Muchas empresas llegan tarde al juzgado o llegan con un expediente débil. Estos son los errores más habituales:

  • Esperar demasiado por miedo a perder al cliente.
  • Reclamar solo por teléfono, sin dejar prueba.
  • No guardar albaranes ni aceptaciones.
  • No comprobar si la deuda está prescrita.
  • Demandar sin valorar la solvencia del deudor.
  • No intentar una fase extrajudicial seria.
  • Confundir una deuda discutida con una deuda clara.

Además, no siempre interesa judicializar de inmediato. En algunos casos, una empresa de cobro de deudas puede conseguir el pago antes mediante presión documental, negociación y seguimiento. En otros, el juzgado será necesario.

Cómo ayuda RedClaimer antes y durante la reclamación

RedClaimer está orientada a empresas y autónomos que necesitan recuperar facturas impagadas con un proceso claro. Primero se revisa la deuda, después se activa la reclamación extrajudicial y, si el deudor no paga, se puede valorar la vía judicial con abogados colaboradores.

Este enfoque es útil porque combina rapidez, trazabilidad y estrategia. Además, permite que el acreedor no pierda tiempo persiguiendo al cliente y, al mismo tiempo, llegue mejor preparado si finalmente hay que demandar.

En una reclamación de impagos, el objetivo no es “ir a juicio por ir a juicio”. El objetivo es cobrar. Y, para eso, a veces la mejor vía es negociar; otras, preparar el monitorio; y otras, ejecutar si ya hay título.

FAQ sobre cobro judicial de deudas

¿Cuándo puedo iniciar el cobro judicial de deudas?

Cuando la deuda está vencida, es exigible y puedes demostrarla. Aun así, conviene intentar antes una reclamación extrajudicial documentada, especialmente tras la Ley Orgánica 1/2025.

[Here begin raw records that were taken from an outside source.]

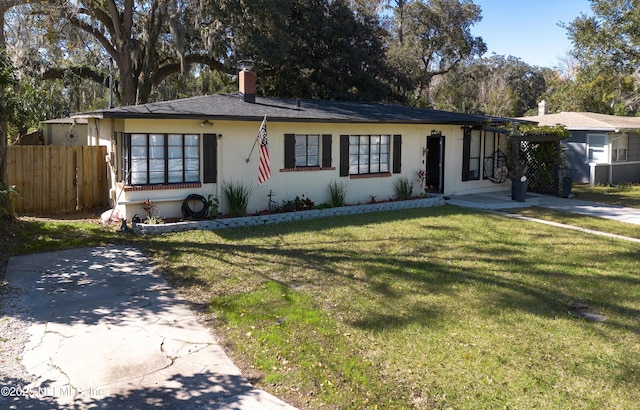 view of front of house featuring stucco siding, a chimney, fence, and a front yard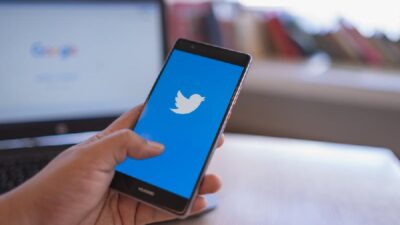 Twitter - hand witrh twitter logo on smartphone - Depositphotos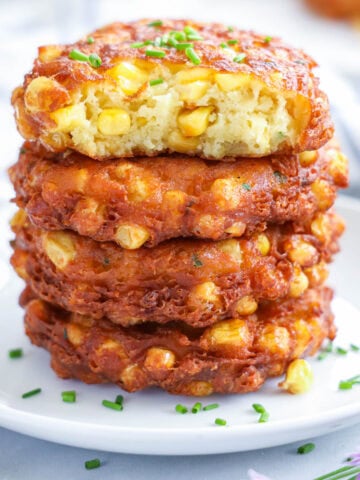 Pile of Corn Fritters, the top one missing a bite.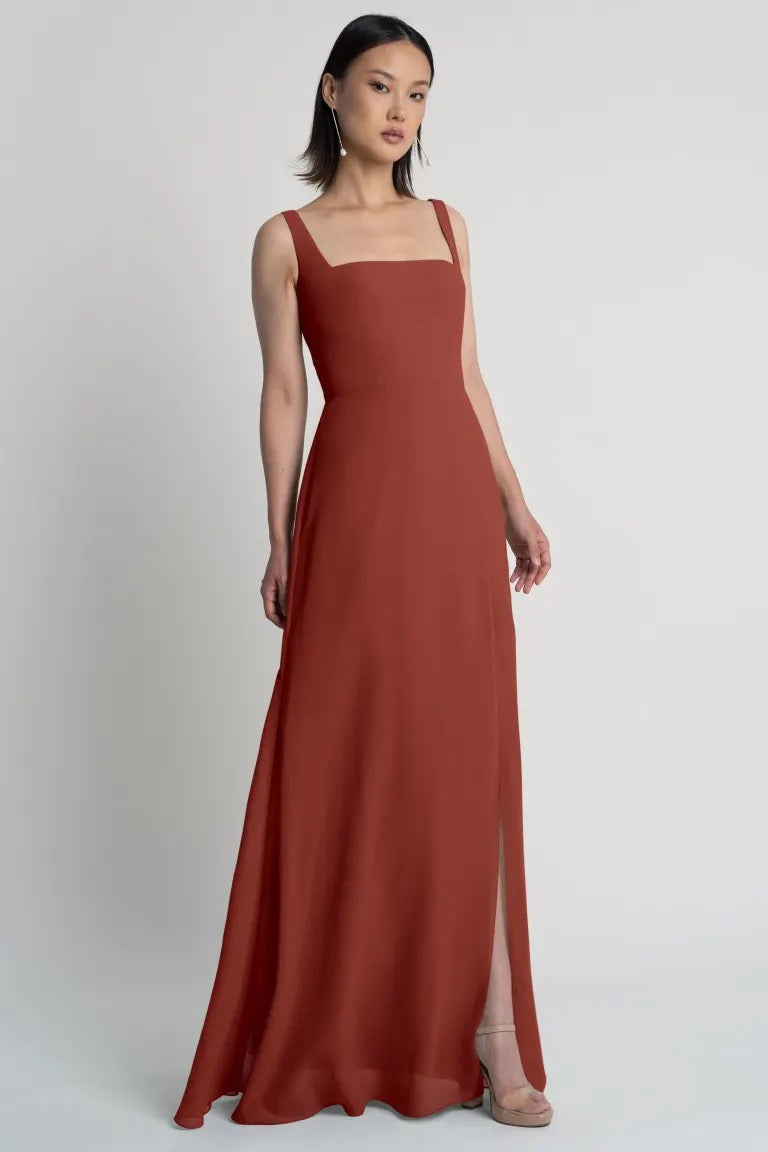 A woman modeling a long, rust-colored chiffon bridesmaid dress with square neckline and wide straps against a plain background by Bergamot Bridal.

¿Necesito abogado y procurador para reclamar una factura?

Depende de la vía y de la cuantía. En algunos trámites iniciales del monitorio no siempre son obligatorios, pero contar con apoyo profesional ayuda a evitar errores y a preparar mejor la estrategia.

¿Qué pasa si el deudor se opone al monitorio?

El asunto puede continuar como juicio verbal u ordinario, según la cuantía. En ese momento será clave disponer de pruebas sólidas y argumentos claros para defender la reclamación.

¿Puedo reclamar intereses y costes?

En muchos casos sí, pero dependerá del contrato, la factura, la normativa aplicable y la estrategia jurídica. Conviene revisarlo antes de presentar la reclamación.

¿Merece la pena demandar por una deuda pequeña?

Puede merecer la pena si la deuda está bien documentada, el deudor es localizable y el coste es proporcionado. Antes de demandar, conviene valorar importe, solvencia y posibilidades reales de cobro.

Conclusión: reclamar judicialmente exige método

El cobro judicial de deudas puede ser una herramienta muy eficaz para recuperar facturas impagadas, pero no debe improvisarse. Primero hay que documentar la deuda, intentar una reclamación seria, valorar la solvencia del deudor y elegir la vía adecuada.

Si tu cliente no paga, no responde o encadena promesas incumplidas, actuar pronto puede marcar la diferencia entre cobrar y perder fuerza.